It turns out that during the 1970s at the Rome Air Development Center (RADC was the primary research lab of the US Air Force) something of a golden age for empirical software engineering research occurred (compared to the following 25 years).

The ingredients necessary for great research came together at Rome during this decade: the US Department of Defense were spending huge amounts of money creating lots of software systems; the management at RADC understood the importance of measurement and analysis, and had the money to hire good consultants to do it.

Why did the volume of quality reports coming out of RADC decline in the 1980s (it closed in 1991)? I have no idea, perhaps the managers responsible for the great work moved on or priorities changed.

Ego and bluster is how software engineering research operated after the decline of Rome (I’m sure plenty of it occurred before and during Rome). A researcher or independent consultant had an idea about how they thought things worked (perhaps bolstered by a personal experience, not lots of data) and if their ego was big enough to think this idea was a good model of reality and they invest enough time blustering their way through workshop presentations and publishing papers, then the idea could become part of mainstream thinking in academia; no empirical evidence needed.

The start of the ego and bluster period could be said to be 1981, the year in which Software Engineering Economics by Barry Boehm was published, and 2008 as the end of the ego and bluster period (or at least the start of its decline) the year of publication of the 3rd edition of Applied Software Measurement by Capers Jones. Both books dress up tiny amounts of empirical data as ‘proof’ of the ideas being promoted.

Without measurement data researchers have to resort to bluster to hide the flimsy foundations of the claims being made, those with the biggest egos taking center stage. Commercial companies are loath to let outsiders measure what they are doing and very few measure what they are doing themselves (so even confidential data is rare). Most researchers moved onto other topics once they realised how little data was available or could be made available to them.

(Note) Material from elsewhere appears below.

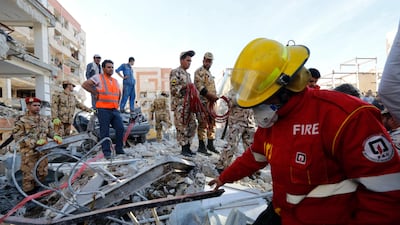 Iranian Red Crescent and rescue workers search the wreckage of a collapsed building in the city of Pole-Zahab. EPA/Abedin Taherkenareh
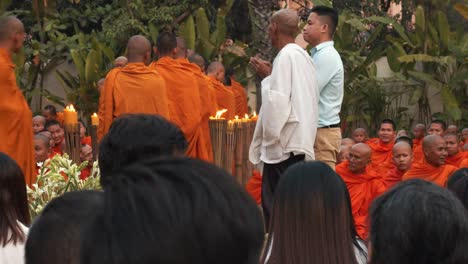 Exterior-Medium-Slow-Motion-Shot-of-Monks-Walking-in-Line-at-Ceremony-in-Evening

Around 2005, or so, the volume of papers using new empirical data started to grow and a trickle has now turned into a flood. Of course making use of empirical data does not prevent research papers being a complete waste of time and ego and bluster is still widely practiced (and not limited to software engineering).

While a variety of individuals and research groups around the world (sadly only individuals in the UK) are actively working on extracting and analysing open source systems, practical progress has been very slow. Researchers are still coming to grips with the basic characteristics of the data they are seeing.

The current legacy, in software engineering, of long standing beliefs (built on tiny datasets) is a big problem. Lots of researchers have not seen through the bluster and are spending lots of time and effort trying to accommodate the results they are obtaining with what are mistakenly taken to be ‘established’ theories. One example is “Program Evolution – Processes of Software Change” by Lehman and Belady, from the late 1970s. Researchers need to stop looking at Lehman’s ‘laws’ through rose tinted glasses; a modern paper making Lehman’s claims based on such a small set of measurements would be laughed.

Most of those now working with empirical data are students working towards a postgraduate degree, some of whom have gone on to get full-time research jobs. Unfortunately there are still many researchers applying the habits they acquired during the ego and bluster period; fit some old data using the latest fashionable technique, publish and quickly move on to the next fashionable technique. As Max Planck observed, science advances one funeral at a time.

What is the name should be given to this new period of software engineering research? We will probably have to wait many more years before things become clear.

Software Reliability is one report from the Rome period that is well worth checking out.

NASA sponsored research was hit and mostly miss. One very interesting sequence of experiments is documented in: Software reliability: Repetitive run experimentation and modeling and An experiment in software reliability.

Open source: monoculture is more desirable than portability

March 8, 2014 No comments

An oft repeated fable is that open source software is portable, all thanks to C and Unix. The reality is that open source lives in an environment that is evolving to become a monoculture that does not require portability, this is being driven by the law of the jungle.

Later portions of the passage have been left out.